2019 Distinguished Lecture Series

Meet world-renowned researchers at lectures hosted by Computing Science. These are open to students, researchers and those working in industry and education to share the latest leading-edge research. Admission is free of charge. Contact is James Delgrande (james_delgrande@sfu.ca).

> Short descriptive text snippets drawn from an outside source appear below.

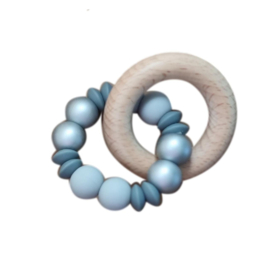 Lentil Rattle Sparkle - Silver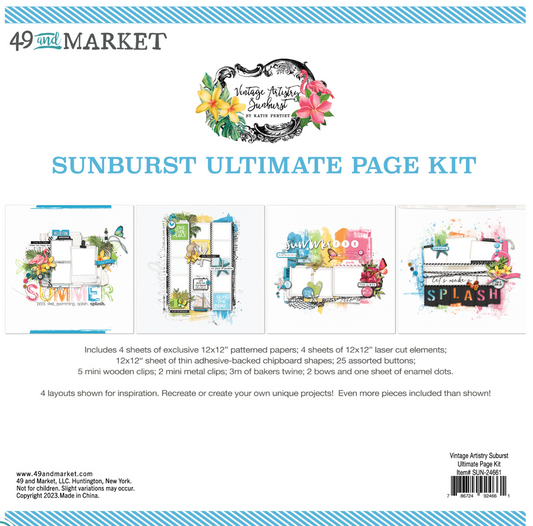 49 und vermarkten Sie das Sunburst Ultimate Page-Kit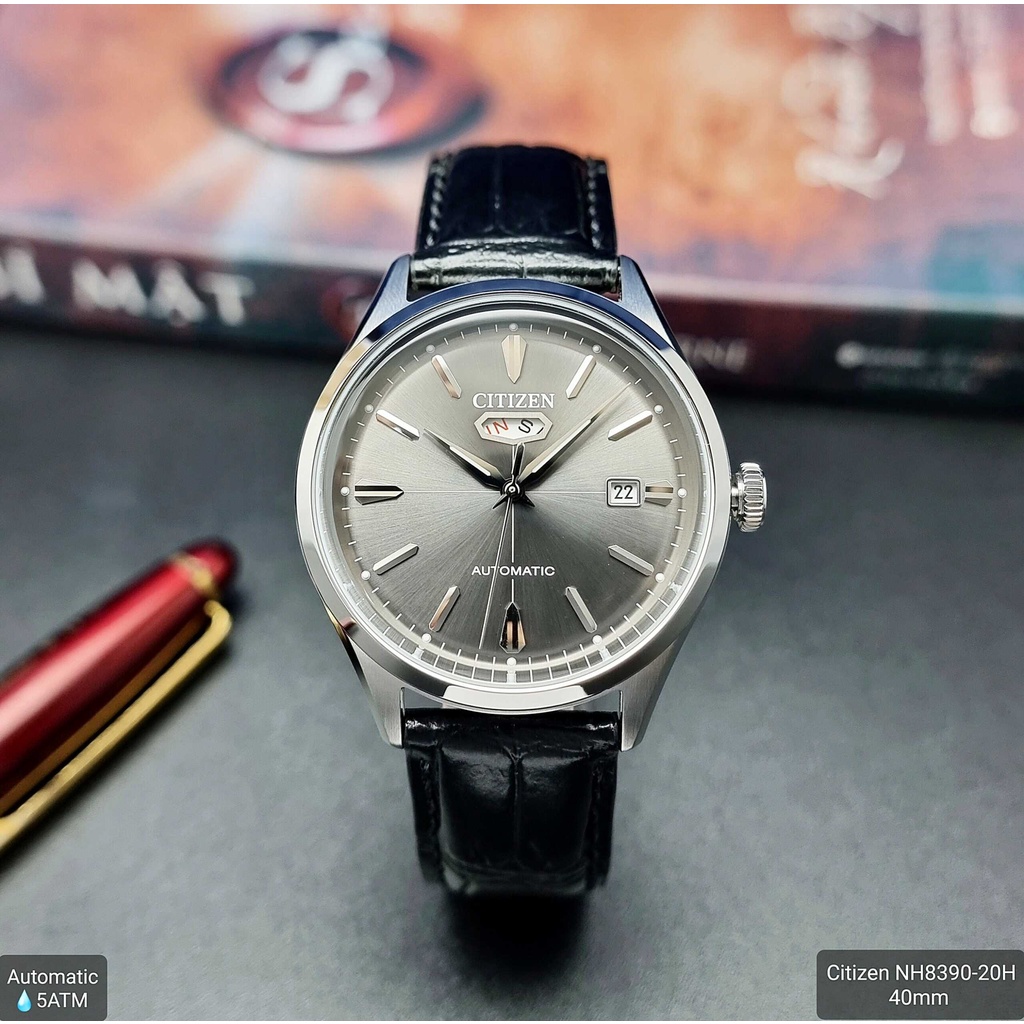 Đồng Hồ Nam Citizen C7 NH8390-20H Máy Automatic Dây Da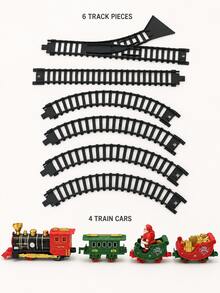 Christmas Train Set With Lights And Sound, Electric Train Model With Track, Christmas Tree Toy, Creative Children's Gift, Train Set - Retro Train - View 14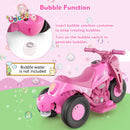 Electric Kid Ride-On Motorcycle with Bubble Maker and Music Button - Pink - product detail 10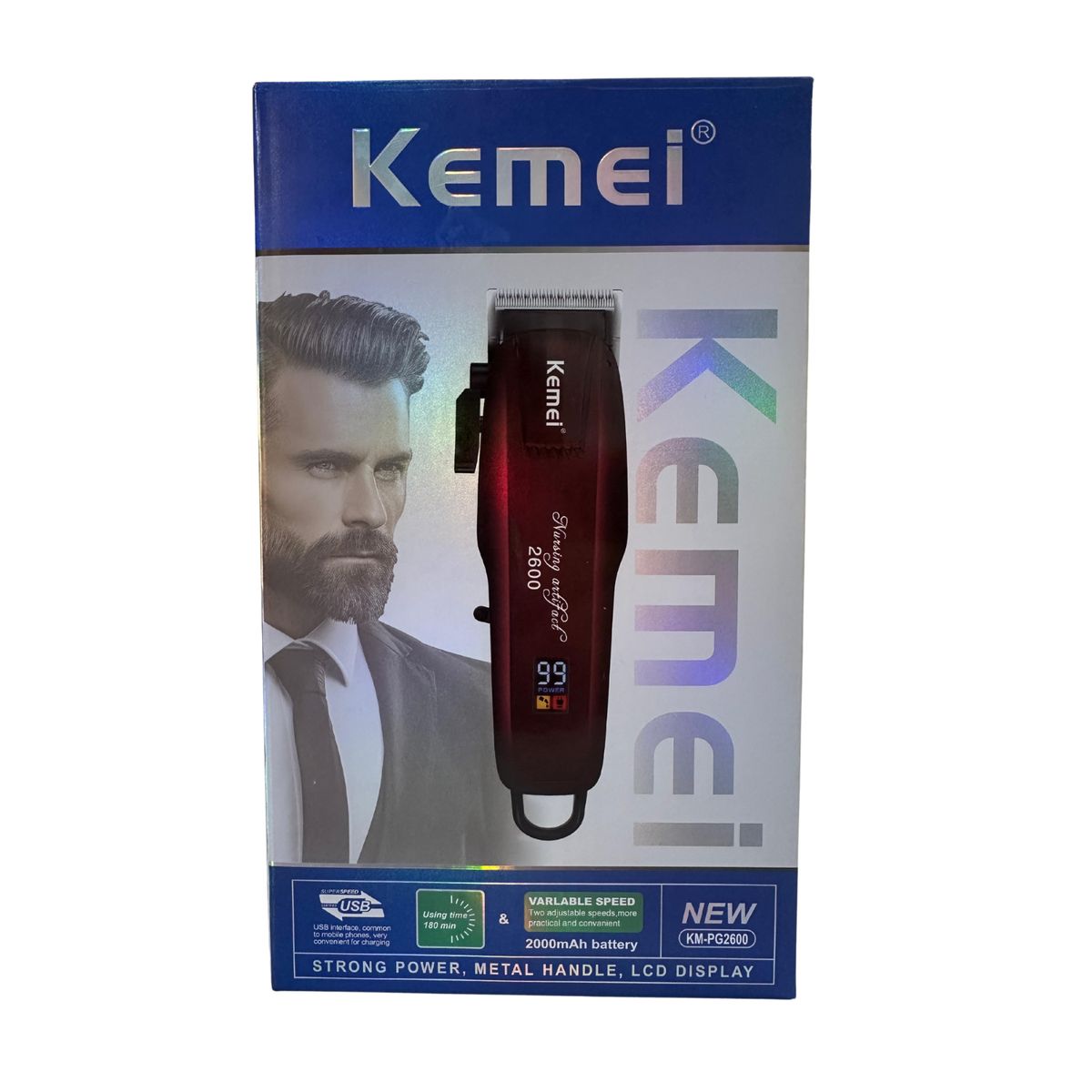 KEMEI - Maquina Cortadora De Pelo Profesional Kemei Km-2600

2019 Distinguished Lecture Series speakers

October 24, 2019: Dan Suciu: Computer Science Professor at the University of Washington 

Location

KEY, Big Data Presentation Studio (formerly known as IRMACS)
Applied Sciences Building, Room 10900
SFU Burnaby campus, 8888 University Drive

2019 Distinguished Lecture Speakers

THURSDAY, October 24, 2019
2:30-3:30 p.m.  KEY, Big Data Presentation Studio (formerly known as IRMACS)
Applied Sciences Building, Room 10900


Dan Suciu: Professor at the University of Washington

Title: Probabilistic Databases: A Dichotomy Theorem and Limitations of DPLL Algorithms

Abstract:

Probabilistic Databases (PDBs) extend traditional relational databases by annotating each record with a weight, or a probability. The query evaluation problem, "given a query (a First Order Logic Sentence), compute its probability", is an instance of the weighted model counting problem of Boolean formulas, and has applications to Markov Logic Networks and to other Statistical Relational Models. I will present in this talk two results. The first is a dichotomy theorem stating that, for each universally (or existentially) quantified sentence without negation, computing its probability is either #P-hard, or is in PTIME in the size of the probabilistic database. The second result is a limitation of Davis-Putnam-Logemann-Loveland (DPLL) algorithms: there exists FOL sentences that can be computed in PTIME over probabilistic databases (using lifted inference) yet every DPLL algorithm, even extended with caching and with components, takes exponential time.

Biography:

Dan Suciu is a Professor in Computer Science at the University of Washington. He received his Ph.D. from the University of Pennsylvania in 1995, was a principal member of the technical staff at AT&T Labs and joined the University of Washington in 2000. Suciu is conducting research in data management, with an emphasis on topics related to Big Data and data sharing, such as probabilistic data, data pricing, parallel data processing, data security. He is a co-author of two books Data on the Web: from Relations to Semistructured Data and XML, 1999, and Probabilistic Databases, 2011. He is a Fellow of the ACM, holds twelve US patents, received the best paper award in SIGMOD 2000, SIGMOD 2019 and ICDT 2013, the ACM PODS Alberto Mendelzon Test of Time Award in 2010 and in 2012, the 10 Year Most Influential Paper Award in ICDE 2013, the VLDB Ten Year Best Paper Award in 2014, and is a recipient of the NSF Career Award and of an Alfred P. Sloan Fellowship. Suciu serves on the VLDB Board of Trustees, and is an associate editor for the Journal of the ACM, VLDB Journal, ACM TWEB, and Information Systems and is a past associate editor for ACM TODS and ACM TOIS. Suciu's PhD students Gerome Miklau, Christopher Re and Paris Koutris received the ACM SIGMOD Best Dissertation Award in 2006, 2010, and 2016 respectively, and Nilesh Dalvi was a runner up in 2008.